I didn’t say why I wasn’t allowed to visit my uncle. I had actually seen him a few times when I was younger, and I only just realized that some of those times he had been drunk. But that isn’t why. My mom had turned on my uncle after the fight of ‘99, and we’d moved to Nevada right after. He’d been banned from seeing us again. Then impulsively, a few weeks ago, I’d looked up his name online and saw that he now made a living fixing old machine parts and tinkering with cars and the like. He had set up a good business. Maybe he could take me on as his apprentice or something. 

I had never been to Chicago before, much less its suburbs. Maybe we could go to Subway or something and he could show me some good restaurants. Also, I was getting tired of McBurgers. 

I knew his address from the Christmas card he’d sent me when I was seven. The card was next to me on the passenger seat. Sparkly reindeer and trees depositing glitter decorated throughout the cover reflected the sun’s light and caused my eyes true, crippling agony when I looked down at it to confirm the address. I still remembered what his house looked like after all these years. It was white with a red roof and a red door—the standard house in a suburban neighbourhood. I parked right in the middle of his driveway in front of the garage door, double checked the address on the card, and sighed loud enough to make the cat JUMP and hit the roof of the car. I got out of the car and walked up the steps to the front door with the cat. 

I rang the doorbell, and the guy who answered the door looked slightly familiar. Also, he was holding a bottle of wine. That made sense, it was Friday night. Would he be the kind of chill uncle who would pour me a cup or let me have a sip? 

“I’m not interested in any Jesus pamphlets or finding God’s lo—” He sighed before looking up at me. He instantly scowled. “What are you doing here?” he said. “What do you want? Are you selling Girl Scout cookies?”   

“Ugh, please. I’m your niece.” Uncle Hob never really had a good memory. Carl (the cat) started to meow. 

“Rhonda? Really?” He squinted and leaned closer to me. Then he grabbed my arm and pulled me inside. His house had the bare necessities: one chesterfield, a table, an old boxy television in the corner. Boxes of yellowed newspapers gave the room a crowded feel. He looked me up and down, and like a hawk to a rabbit, he narrowed in on the cat. 

“I see you still have the cat,” he said sourly. “Your mom can’t bear to part with it? Whatever. Want to see what I’m working on, Rhonda?” 

My name wasn’t actually Rhonda. That was my sister’s name.

He pulled me by the arm again and led me down the stairs to the basement. There was a bare lightbulb hanging from the ceiling, and the basement was unfinished. I couldn’t believe how cluttered and busy it looked. A huge work table lined the wall, and it was covered with small machines, sheets of metal, stray nuts and bolts, and a bandsaw. Handsaws hung on the walls, and bigger machines were scattered around the room.
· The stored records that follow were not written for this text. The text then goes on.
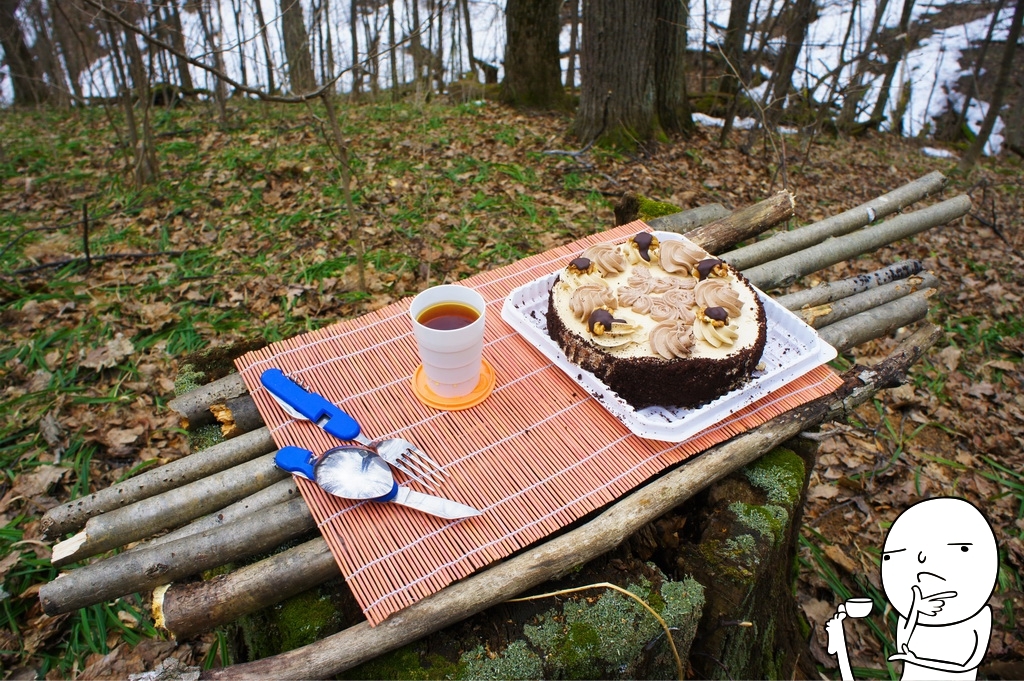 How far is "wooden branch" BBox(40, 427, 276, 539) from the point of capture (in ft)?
6.84

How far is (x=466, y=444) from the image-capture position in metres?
2.19

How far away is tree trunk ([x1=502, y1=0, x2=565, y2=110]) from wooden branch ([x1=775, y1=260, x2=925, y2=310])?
6.12 metres

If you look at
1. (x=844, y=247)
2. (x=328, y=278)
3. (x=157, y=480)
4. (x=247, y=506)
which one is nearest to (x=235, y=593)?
(x=247, y=506)

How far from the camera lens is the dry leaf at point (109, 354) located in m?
3.92

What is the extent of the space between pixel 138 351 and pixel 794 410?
13.5 feet

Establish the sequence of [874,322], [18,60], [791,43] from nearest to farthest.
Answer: [874,322] → [791,43] → [18,60]

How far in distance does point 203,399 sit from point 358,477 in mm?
905

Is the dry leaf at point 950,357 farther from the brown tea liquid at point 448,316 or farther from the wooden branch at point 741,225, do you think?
the brown tea liquid at point 448,316

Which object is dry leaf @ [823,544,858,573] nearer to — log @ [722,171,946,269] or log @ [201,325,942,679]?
log @ [201,325,942,679]

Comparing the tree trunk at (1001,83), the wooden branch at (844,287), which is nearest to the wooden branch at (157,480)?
the wooden branch at (844,287)

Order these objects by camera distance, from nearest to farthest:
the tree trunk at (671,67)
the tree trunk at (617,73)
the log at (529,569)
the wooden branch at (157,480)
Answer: the log at (529,569), the wooden branch at (157,480), the tree trunk at (617,73), the tree trunk at (671,67)

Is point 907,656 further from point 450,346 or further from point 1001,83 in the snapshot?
point 1001,83

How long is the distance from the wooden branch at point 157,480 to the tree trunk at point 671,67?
6281mm

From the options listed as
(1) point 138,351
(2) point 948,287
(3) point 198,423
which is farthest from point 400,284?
(2) point 948,287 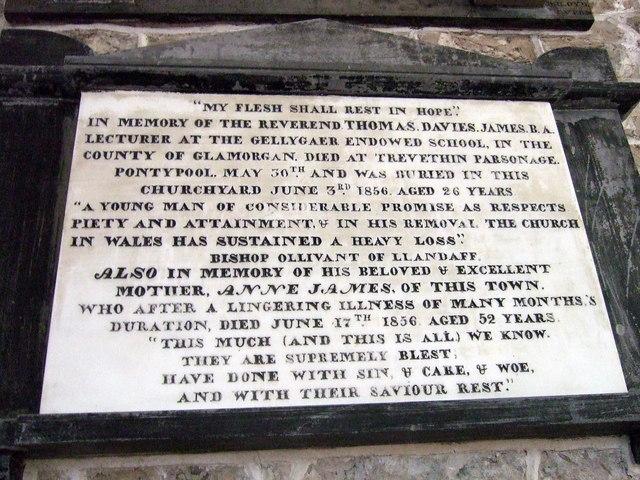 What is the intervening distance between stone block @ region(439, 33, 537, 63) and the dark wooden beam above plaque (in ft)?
0.24

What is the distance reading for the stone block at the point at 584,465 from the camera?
2.72 m

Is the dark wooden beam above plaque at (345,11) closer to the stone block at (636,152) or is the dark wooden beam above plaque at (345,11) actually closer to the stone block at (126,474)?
the stone block at (636,152)

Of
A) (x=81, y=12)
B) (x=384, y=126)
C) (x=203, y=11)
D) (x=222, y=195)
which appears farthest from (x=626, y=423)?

Boxes filled with spare parts and an assortment of random items, like parts of a clock and batteries, covered the floor. An old toolbox sat in the far corner of the room next to a big, tall object covered in an oil stained sheet.  It seemed like my uncle’s workspace was pretty well made. He’d clearly made a space for himself doing…whatever he did down here. Fixing things, probably. It was a good place to hide drugs.

My uncle went over to the corner and picked up his rusty toolbox. He took off the oil stained sheet and revealed a big metal structure. It was slightly curved, had a dome on top, and was as tall as me.

“Look at this, Rhonda!” He slapped his hand heavily on top of it, then quickly took it away and inspected the part where he’d struck it. “Better not do that. I don’t want to leave dents. But don’t you think it’s so beautiful? And so big?” He took a sip from the bottle of wine that he was still holding. “This has some family history, you know. I think my great-great-grandfather brought it over with him when he was immigrating here from Mars. This is a family relic, a remnant of our family roots.” 

“Can I have some wine?” I said. 

“Here, I’ll show you what it does.” He flipped a switch on the machine, and the machine started making a clunking noise. I stood back and let it do its thing. With a whirr and a few sparks, a strange, blue-coloured light was projected out of the top of the dome. After a few seconds I realized the light was forming an image of the globe—a translucent image, for you could see straight through to the wall on the other side. 

“I bet you’ve never seen this before,” my uncle said. “Bet you don’t even know what it’s called. It’s a hologram, but not the kind that you see on TV like Star Trekkers or some shit. This is the real stuff! Only we Mars People know how to make it!” He started chugging the wine bottle, and wine streaked down his shirt and onto the floor. I held onto Carl so he wouldn’t jump to the floor and start lapping it up. I’d never given a cat wine before, but I knew I didn’t want to see a drunk cat. 

My uncle drained the wine bottle and set it on the floor. “You see, this machine is not JUST a place to project holograms, you can also CREATE new holograms.” He turned to face me sharply, his eyes suddenly piercing into mine, and his gaze landed on Carl again. “That damn cat,” he said. “You know I created him when I was in high school? I gave it to your mom for her sixteenth birthday because I knew she always wanted a cat.”   

“Impossible,” I said. 

“How do you think he’s managed to live so long, then? Your mom’s had him since she was sixteen, and you’re sixteen now, so he’s been alive for a century.” 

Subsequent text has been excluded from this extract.